But only if the challenges are specific & logical & show that the person is actually engaged in trying to understand what's being discussed.

Hand waving & generalised objections are not of much value for moving a thread forward or for my honing of my thoughts
 
Could well be microstrip. In the absence of perfect knowledge we are left with .. again ... speculation ... The questioning in itself is healthy unless you just want us to accept anything and everything. You are not preaching that.. Are you? :)

Frantz, I'm not asking you to accept anything but I am asking you to engage in a meaningful way that shows you have an interest in the subject & have read & follow the posts.
 
Curiously, the Schumacher quote, written by well known the author of "Small is beautiful", can be considered an abetment, even an endorsement of the boutique high-end audio and empirical developments of small manufacturers. :) The quote is not centered on removal of complexity at all, but on the small scale - the human scale. Anyway, Schumacher is an economist, I consider that the quote is meaningless in this thread...

OK
 
Ok, I think I see what you are asking - why do I mention digital audio as a different case to analogue audio & what has ASA got to do with this? Bear with my explanation until the end

How we analyse audio signals isn't fully formed at birth - the mechanism is there ears, cochlea, auditory nerve, brain mechanisms, etc but it has to be learned. Just the same as speech isn't fully formed at birth but has to be learned - the mechanisms are there but learning is involved.

We learn from the sounds in the real world. We generate our analyse based on the behaviour of these sounds. For instance we all now know that a big instrument will produce a series of harmonics resulting in a perception of deeper sound. We all now know that distant sounds have their HF attenuated. We all know that sound behaves in certain ways based on our experiences/examples of real world sounds. We didn't always know this, we learned it through constantly encountering the same experience of sound behaviour in the world & imprinting it in our analytic engine (brain).

We do the same with all our senses - we learn & imprint the examples encountered in the real world.

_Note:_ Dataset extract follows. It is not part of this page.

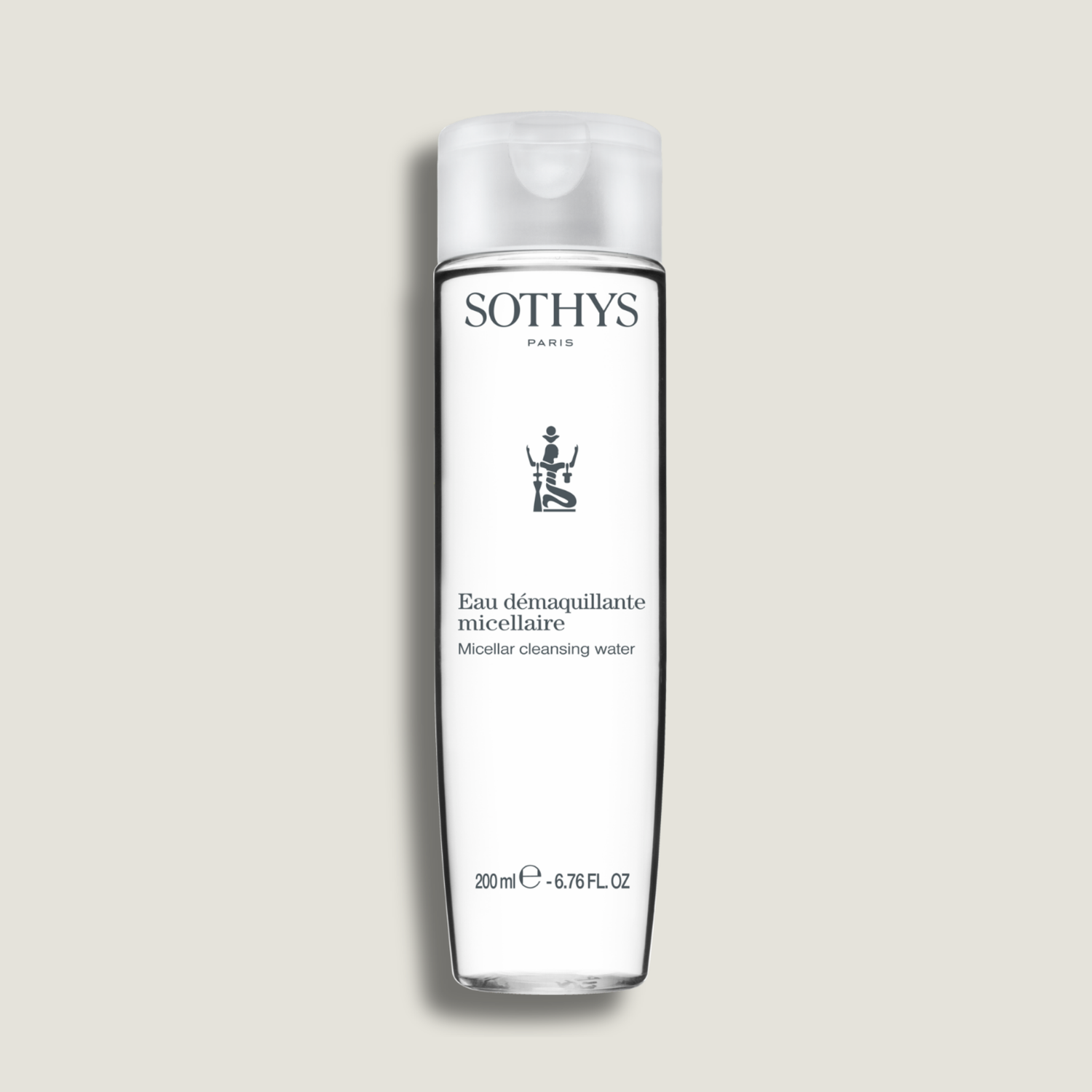 Micellar Cleansing Water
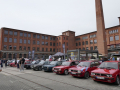 Mercato Italiano in der Klassikstadt Frankfurt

So when we first visited a hall of mirrors it was fascinating because we were seeing things in an unusual & funny way. We found them funny because we could understand how the distortion from the usual way of perceiving object occurred - it wasn't confusing/disorientating.

Now if we couldn't understand the relationship between what we were perceiving & the image we are used to seeing, we might just be disoriented - if this presented image was the result of digital processing. For instance, if what we saw was slightly pixelated, & we are encountering it for the first time, we may sense something is wrong but not know what as we don't have the a reference for it - we have never encountered it before in our experience of the real world

Now back to audio - analogue audio can only be wrong in a limited way - it is constrained by the mechanical & electrical behaviour of the devices which it uses to record & replay the signal - microphones, mic amps, amps, tape machines, vinyl cutting machine, turntables, needle, arm, etc. The errors introduced in this process are constrained by physics

My point about digital audio is that it is the result of mathematical manipulation & signal processing - it is not constrained by the parameters of the physical world - subtle errors which haven't been encountered before & we have no reference for can be encountered. We can sense something is wrong but yet not know what it is - we have no frame of reference.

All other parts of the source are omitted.